Given the presence of the common business structure, the consortium members cannot participate in the same tender in which the consortium subject competes, with regard to:
- the common business structure
- and the purpose of operating jointly in the public works sector
This is what the Council of State affirmed with ruling 1529/2006, whereby “a consortium-member company can never participate in a tender in which the stable consortium of which it is part also competes, neither in single form nor in associated form”.
From what has been seen, there is therefore a disparity of treatment with the other types of consortia, because even if in the latter there is a common organisation for the discipline and carrying out of certain phases of the respective activities, the consortium members maintain their negotiating autonomy, so they do not constitute a single new company with an autonomous and common business structure, as instead happens for stable consortia.
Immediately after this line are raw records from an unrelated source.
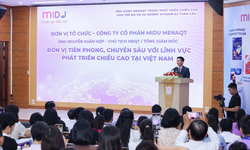 Nghi&#234;n cứu về &#39;g&#225;nh nặng k&#233;p dinh dưỡng ở trẻ em Việt Nam trong độ tuổi đi học&#39; được c&#244;ng bố tr&#234;n tạp ch&#237; quốc tế Nutrients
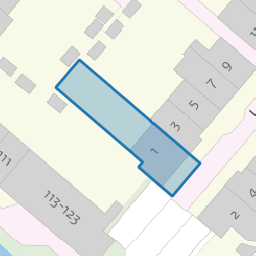 Perceel VST00-B-8218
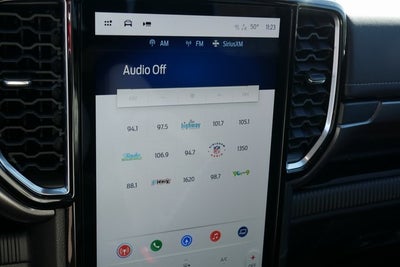 2025 Ford Ranger Lariat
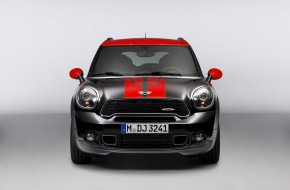 MINI John Cooper Works Countryman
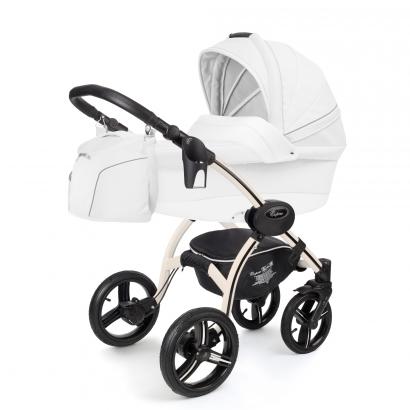 Коляска для новорожденных Esspero Grand I-Nova (шасси Beige)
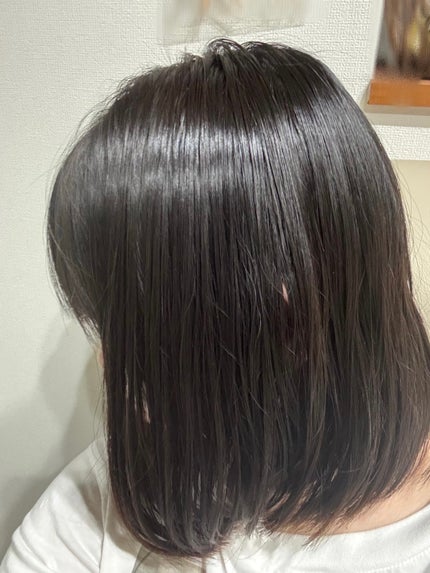 ストレートヘアオイル/Straine/ヘアオイルを使ったクチコミ(2枚目)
In fact, although paragraph 7 of art. 37 — regarding ATI and ordinary consortia — provides for a prohibition of participation in the tender, this extends only to those companies for which participation has been declared at the offer stage, without prejudicing instead the participation for those companies not declared as participants with the consortium. This explains the different applicable discipline, although a clarifying intervention by the legislator remains necessary.
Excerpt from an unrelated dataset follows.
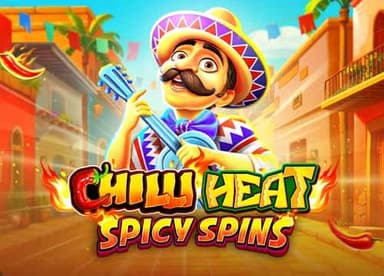 Chilli Heat Spicy Spins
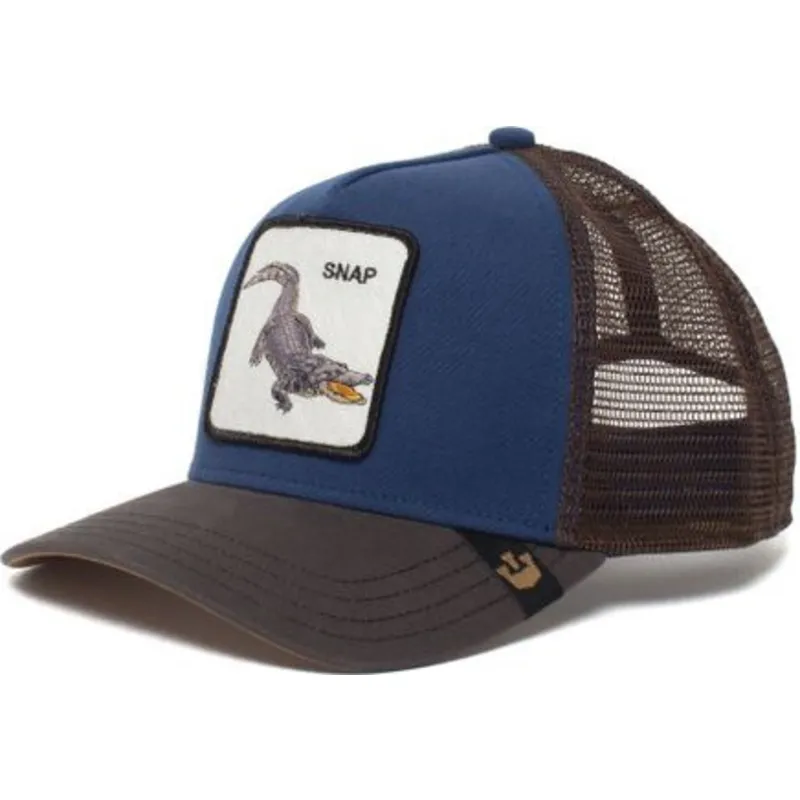 goorin-bros-snap-at-ya-blaue-trucker-kappe-mit-krokodil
In conclusion… it must be held that the need to ensure the effective and efficient protection of the regularity of the tender prevails — and in particular par condicio among all competitors as well as the seriousness, completeness, comprehensiveness and independence of offers — so as to avoid that, through corporate influence mechanisms (even if not integrating links or controls under art. 2359 c.c., but falling for example into the cases outlined by paragraph 5, art. 36 and paragraph 7, art. 37 of the Procurement Code), the competition can be altered, endangering the public interest in the choice of the “right” contractor.
Therefore, even apart from the inclusion of a specific clause in the tender notice, in the presence of serious, precise and concurring indicators of provenance of the offers from a single decision-making centre, exclusion of the companies is allowed, even though they are not in a situation of control under art. 2359 c.c. but fall into other exclusion hypotheses provided by the same Procurement Code.
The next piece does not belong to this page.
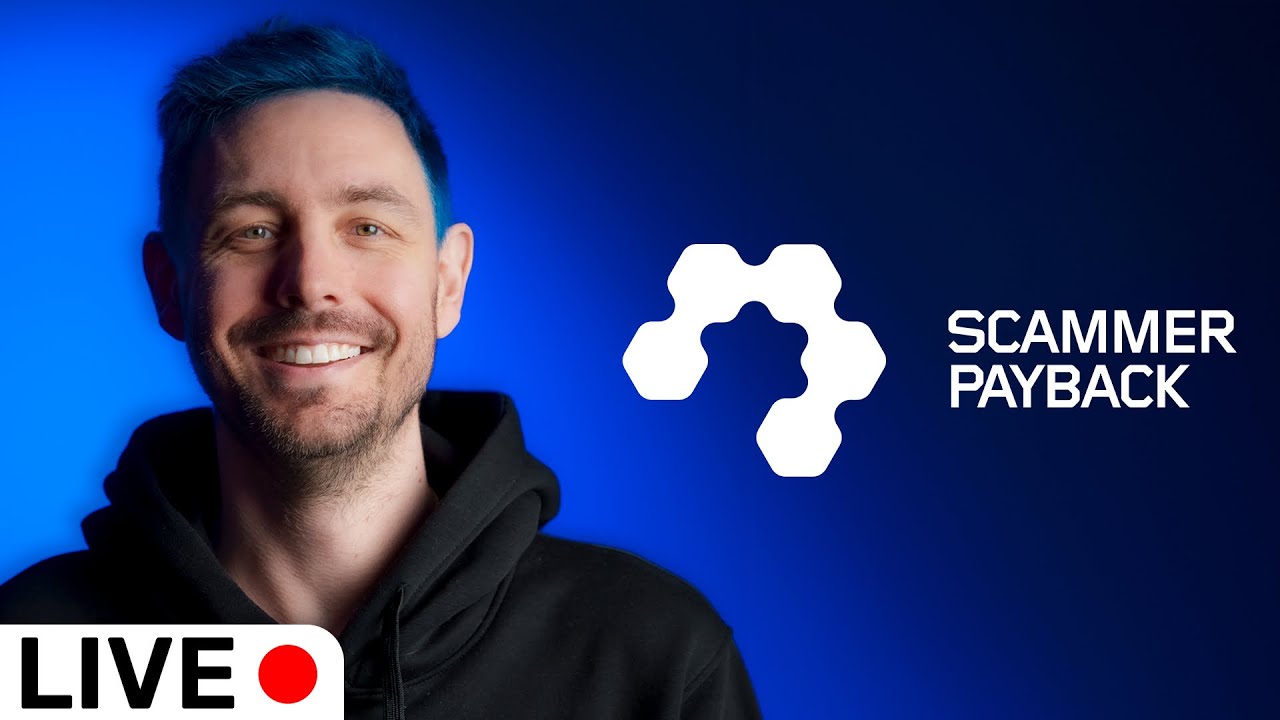 $500,000 Scam LIVE (update vic saved, center shut down)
In general, public bodies are required to acquire information before stipulating, approving or authorising contracts of an amount above the EU threshold. To be remembered on this point is decision no. 6212/2006 of the Council of State regarding public-evidence procedures, whereby:
- the choice of the party must take place through a procedural series regulated by public-law rules predetermined to the identification of the best possible party both from the subjective point of view and from the objective one, and in any case always respecting the principles of legality, good performance and impartiality of the public administration (art. 97 of the Italian Constitution).
- the procedure therefore is anchored on principles of transparency and impartiality which in turn are concretised in the principle of par condicio among all contracting parties, realised through the preparation of the tender call, and in the principle of competitiveness, secrecy, seriousness, completeness, authenticity and comprehensiveness of the offers formulated with respect to the prescriptions and provisions of the lex specialis, as well as in the prior preparation, by the administration, of criteria for evaluating the offers in particular regarding link between companies.